25 Jan Blogging Over 40
Advice For Forty Something Bloggers
As a blogger over forty (I hesitate to use the word “middle-aged”), at first glance, I don’t fit the usual blogging mold, but, dig deeper and you’ll find there are plenty of us. Still, we are a small part of the blogging population and if you’re over 40 and thinking of getting into blogging, you can be forgiven for shrugging it off as a young person’s game.
It certainly doesn’t have to be, but what I will say about being an older blogger is that things are different. For a start, you probably have a much more intricate life with many responsibilities and obligations. You may be working, have a family, be looking after parents, volunteer for charity or run a club. You may, like me, also be at University and juggling that with working to pay the bills. Where on earth will you find time for blogging?
There’s also the confidence issue too. I’ve spoken to many mature bloggers who confess that they wonder who on earth is going to listen to them, who feel a bit “funny” about writing a blog (“it’s a bit self-indulgent isn’t it?) or who just feel outside of and daunted by the blogging social scene, which is where you get all the insider knowledge on how to make blogging work for you.
I certainly don’t have all the answers. I blog both for work on another site and for fun here, and finding the time, energy and inspiration to do both is pretty damn hard I have to admit. But I persevere. Why? For a start, this is a lovely creative outlet for me. I’m proud of what I do here and it’s fun. Soothed in the City feels very me! Even though I may not have the answers, I do have some years of experience now, so I hope that by sharing this I may help anyone over forty – well, perhaps of any age – who is considering starting their own blogging journey.
- Accept it for what it is: you no doubt have a complex and multi-layered life and you should be proud of that. So, if that means you can only blog once in a while, accept that that’s how it is for the moment. But you can still start. You don’t have to wait for the kids to leave home or your job to be less stressful. In fact you will be able to share your experiences with you children and it may help your job feel less stressful.
- Go along to the blogging events. The two big ones are Tbex and Traverse (for travel bloggers) and the first is held all over the world. You’ll also find plenty more on niche areas like food or fashion, especially around London. Check out Meetup as a good place to start your search. Although it may feel daunting to walk into a group of bloggers who probably all know each other, blogging is a very sharing community and people are friendly and supportive. You will not be the only older person there, I promise.

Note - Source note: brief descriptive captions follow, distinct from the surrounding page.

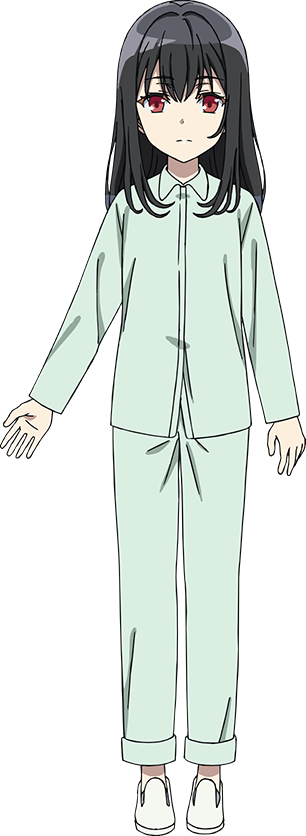 夏凪渚 幼少期 設定画（C）二語十・うみぼうず/KADOKAWA/たんもし2製作委員会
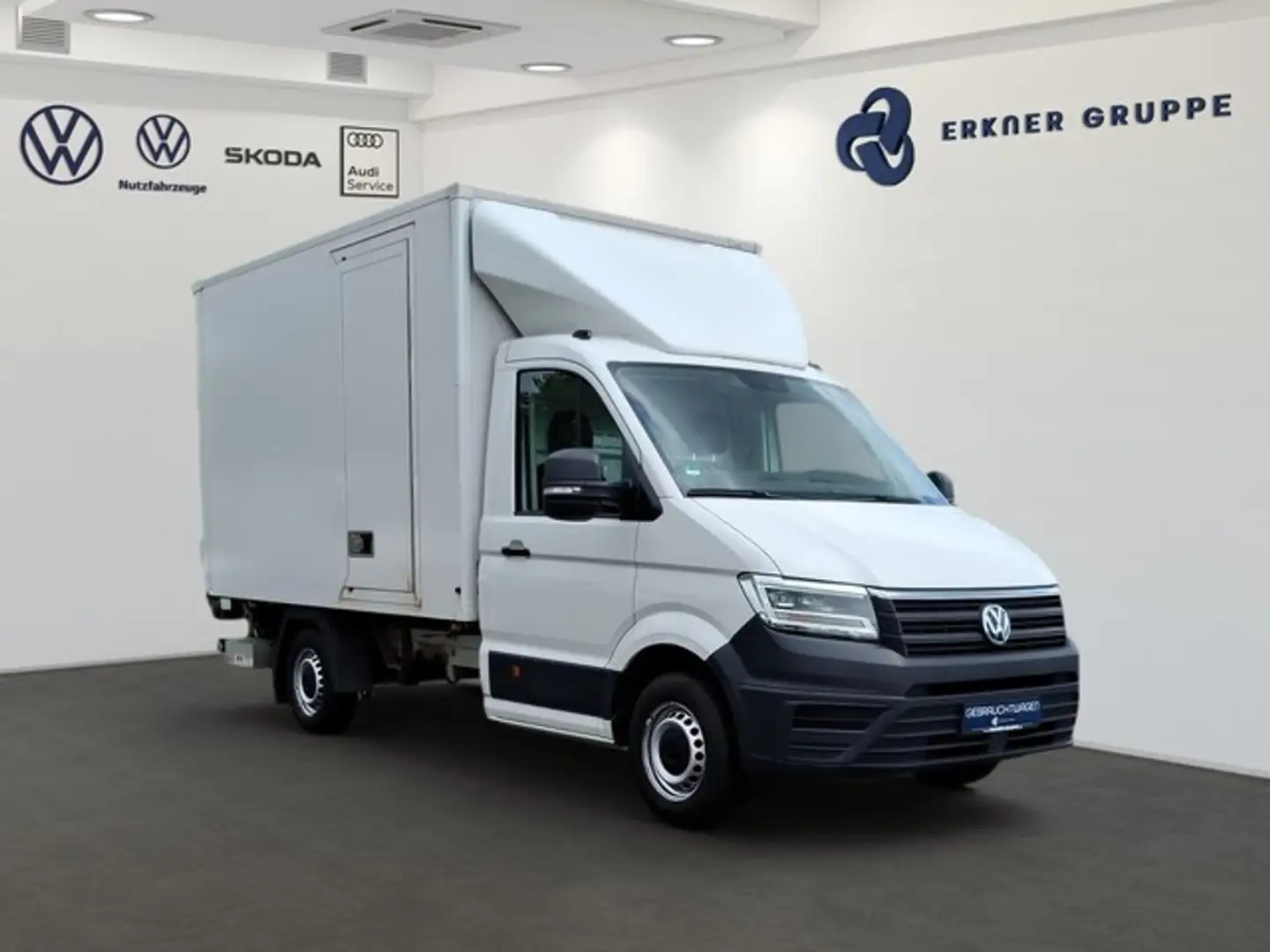 Volkswagen Crafter 35 Koffer Белый - 2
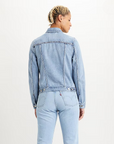 Levi's giacca in jeans da donna Jacket Trucker 299450100 denim all mine medium indigo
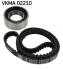 Комплект ГРМ (ремінь + ролик) SKF VKMA02210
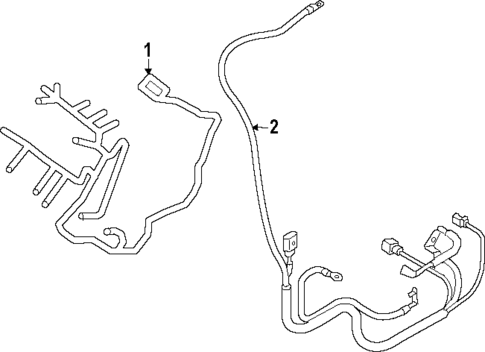 Wiring Harness for 2025 Audi SQ7 #0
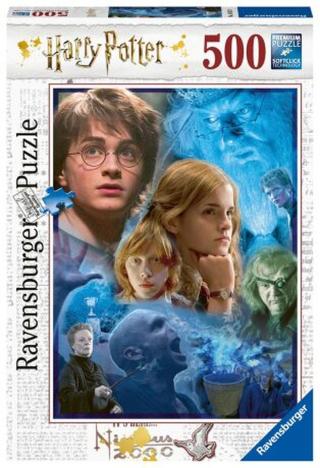 Harry Potter v Bradavicích 500 dílků - Harry Potter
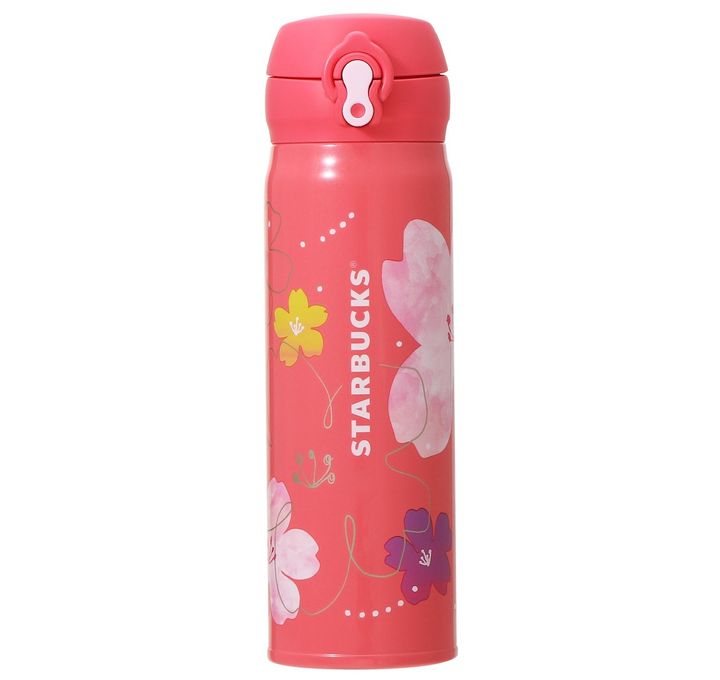 「SAKURA2024ハンディーステンレスボトルビビッドピンク」500ml 5500円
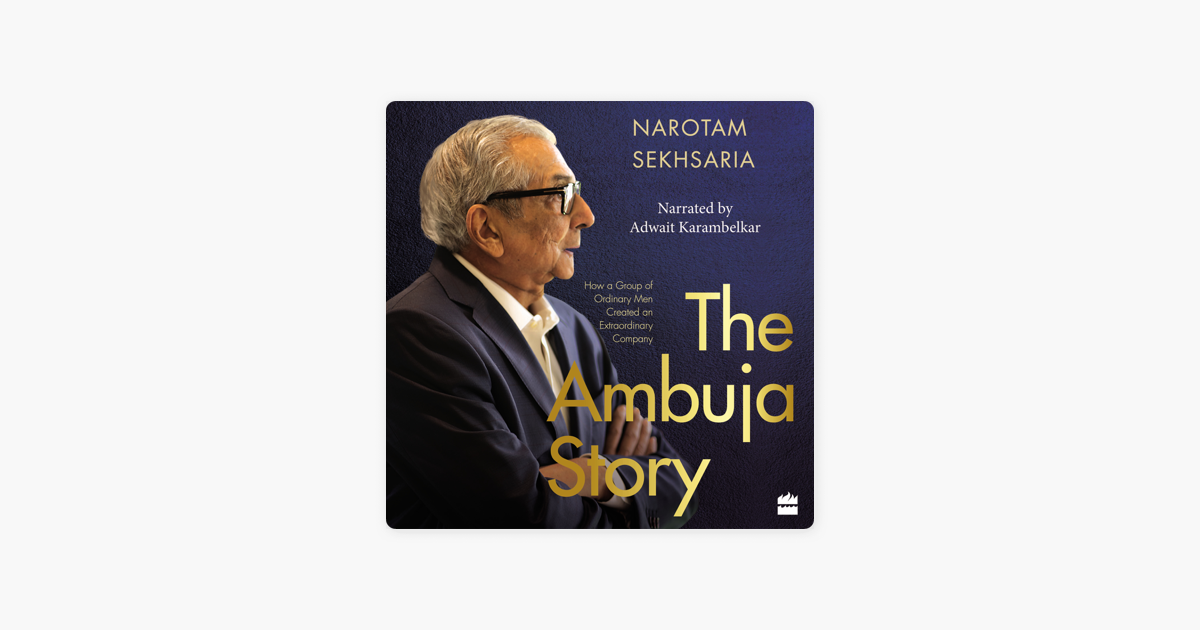 ‎the Ambuja Story On Apple Books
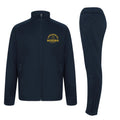 Lawrence Boxing Kids Slim Fit Poly Tracksuit - Navy/Navy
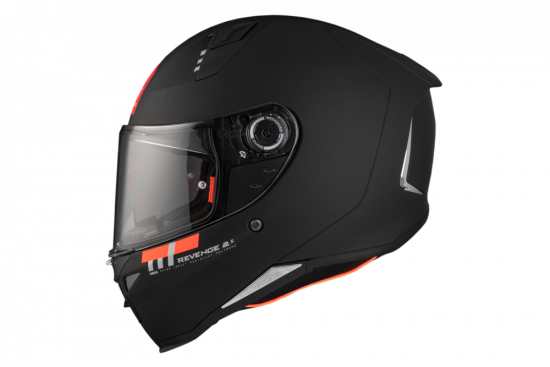 Helmet MT Helmets REVENGE 2 S A1 MATT BLACK M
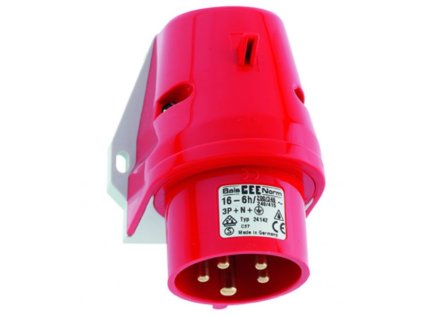 1836 1 1836 1 privodka nastenna 16a 400v 5p ip44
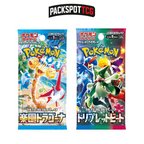 Japanese Pokemon Booster Pack Variety Bundle - 12 Packs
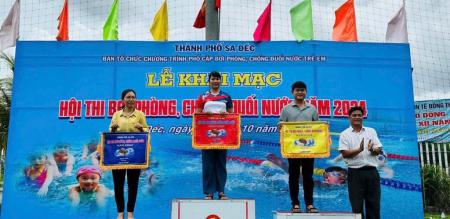 PHƯỜNG 3 THAM GIA HỘI THI BƠI TRẺ EM THÀNH PHỐ SA ĐÉC NĂM 2024 PHƯỜNG 3 THAM GIA HỘI THI BƠI TRẺ EM THÀNH PHỐ SA ĐÉC NĂM 2024
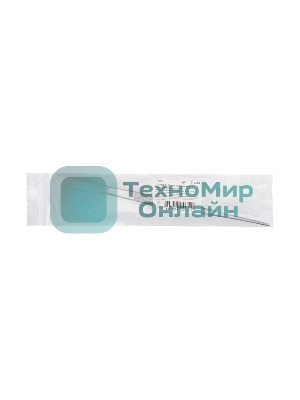 Пинцет прямой Rexant рифленый 250 мм ПРОФИ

- Do it your way. Your life comes first. If you’re getting stressed by articles that say you should be posting three times a week, just remember that one of the perks of being our age is that we’ve earned the right to do things our own way. this should be fun so blog with that in mind, and not stressing about reaching some random gurus high expectations.
- If you can’t get to meetings and events reach out virtually. Share other bloggers’ content and social media posts, ask if you can interview someone or just look for local people that you can meet up with, one to one or in a smaller group.
- Be prepared to learn. There are bound to be things you don’t know, whether that’s about how to use Instagram or SEO. Every blogger goes through this, whatever their age. The rewards of making the effort to get to grips with them though are huge. But, as I said, this is meant to be fun, so learn them in a way that suits you. This could be a workshop, an online course or just asking someone for one on one help. There is a fairly steep learning curve in the early days of blogging – writing your posts are only the tip of the iceberg! But it is worth it, I promise!
- It doesn’t have to all or nothing. A while ago I went through a time when I just didn’t have the heart to blog. A bereavement, family issues and needing to concentrate on work sent blogging out of the window. I could have packed it all in, but instead I waited my time and came back to it when I was ready, and I’m so glad I did this rather than throw in the towel.
- Be realistic with your social media. As I said, there’s a lot more to blogging that just writing, and social media is one of those jobs. My advice? Pick one avenue that you enjoy and concentrate on that. Fun remember!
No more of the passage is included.